Executive Summary
The data processing pipeline can be instructed to convert incoming content to HTML.
Table of Contents
Architecture
Data Processing
The content-conversion
step is used to convert incoming content to HTML. For supported document formats incoming documents are split into individual pages, each represented as a separate HTML document.
The converted content is used to set the body
attribute.
By default the processing step is enabled.
Supported Content MIME Types
The following content MIME types are supported for conversion.
File Extension | Mime Type | Pages Support | Display Support |
---|---|---|---|
.pdf | application/pdf | Yes | Full |
.doc | application/msword | No | HTML only |
.docx | application/vnd.openxmlformats-officedocument.wordprocessingml.document | No | HTML only |
.xls | application/vnd.ms-excel | No | HTML only |
.xlsx | application/vnd.openxmlformats-officedocument.spreadsheetml.sheet | No | HTML only |
.ppt | application/vnd.ms-powerpoint | No | HTML only |
.pptx | application/vnd.openxmlformats-officedocument.presentationml.presentation | No | HTML only |
.rtf | text/rtf | No | HTML only |
.odt | application/vnd.oasis.opendocument.text | No | HTML only |
.ods | application/vnd.oasis.opendocument.spreadsheet | No | HTML only |
.odp | application/vnd.oasis.opendocument.presentation | No | HTML only |
.sxw | application/vnd.sun.xml.writer | No | HTML only |
Examples
Python SDK
The following examples reference the Python SDK.
Item Uploader
The following example details how to enable content conversion.
from squirro_client import ItemUploader # processing config to convert content processing_config = { 'content-conversion': { 'enabled': True, }, } uploader = ItemUploader(..., processing_config=config) text_body = """ Lorem ipsum dolor sit amet, consectetur adipiscing elit. Cras aliquet venenatis blandit. Phasellus dapibus mi eu metus maximus, nec malesuada urna congue. Vivamus in cursus risus. Sed neque ligula, lobortis in sollicitudin quis, efficitur eu metus.
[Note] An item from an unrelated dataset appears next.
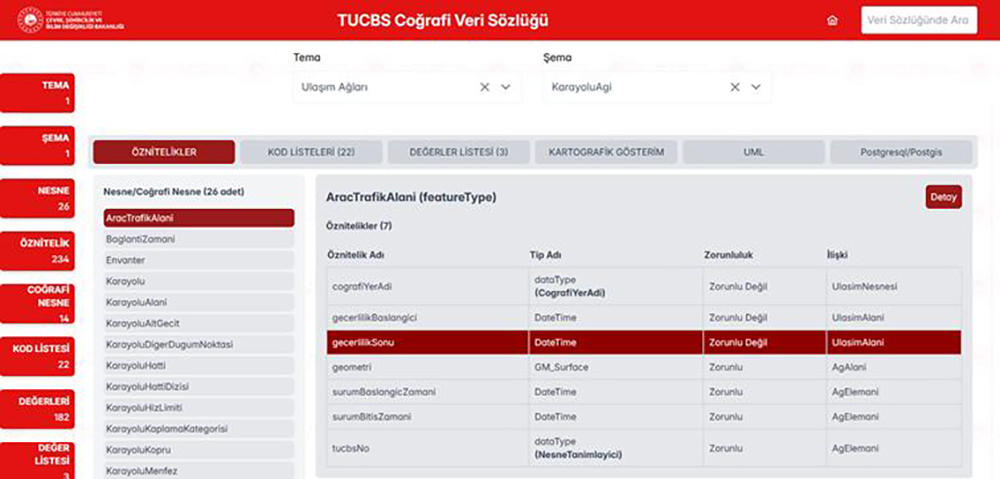 TÜRKİYE’NİN DİJİTAL HARİTASI ARTIK E-DEVLET’TE HERKESE AÇIK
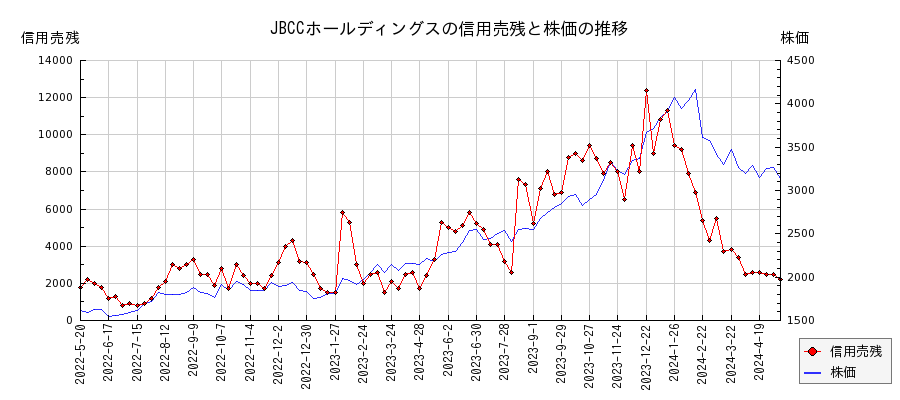 JBCCホールディングスの信用売残と株価のチャート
Pellentesque eu nunc sit amet turpis bibendum volutpat eu ac ante. Nam posuere eleifend rhoncus. Vivamus purus tellus, interdum ac semper euismod, scelerisque ut ipsum. Phasellus ut convallis nunc, quis finibus velit. Class aptent taciti sociosqu ad litora torquent per conubia nostra, per inceptos himenaeos. Maecenas euismod placerat diam, at pellentesque quam eleifend ac. Nunc quis est laoreet, hendrerit dui vel, ornare sem. Integer volutpat ullamcorper orci quis accumsan. Proin pellentesque vulputate pellentesque. Sed sapien ante, elementum sed lorem vel, bibendum tristique arcu. """ items = [ { 'body': html_body, 'title': 'Item 01', }, ] uploader.upload(items)
In the example above the processing pipeline is instructed to convert the textual content to HTML and use it as the item body
.
Document Uploader
The following example details how to enable content conversion and upload binary documents (original example document can be found here).
from squirro_client import DocumentUploader uploader = DocumentUploader(...) # upload a .pdf document which is split into individual pages, the document is # fully displayed uploader.upload('connected_campus_using_ews_api.pdf') # upload a .docx document for which the HTML output will be displayed uploader.upload('connected_campus_using_ews_api.docx') uploader.flush()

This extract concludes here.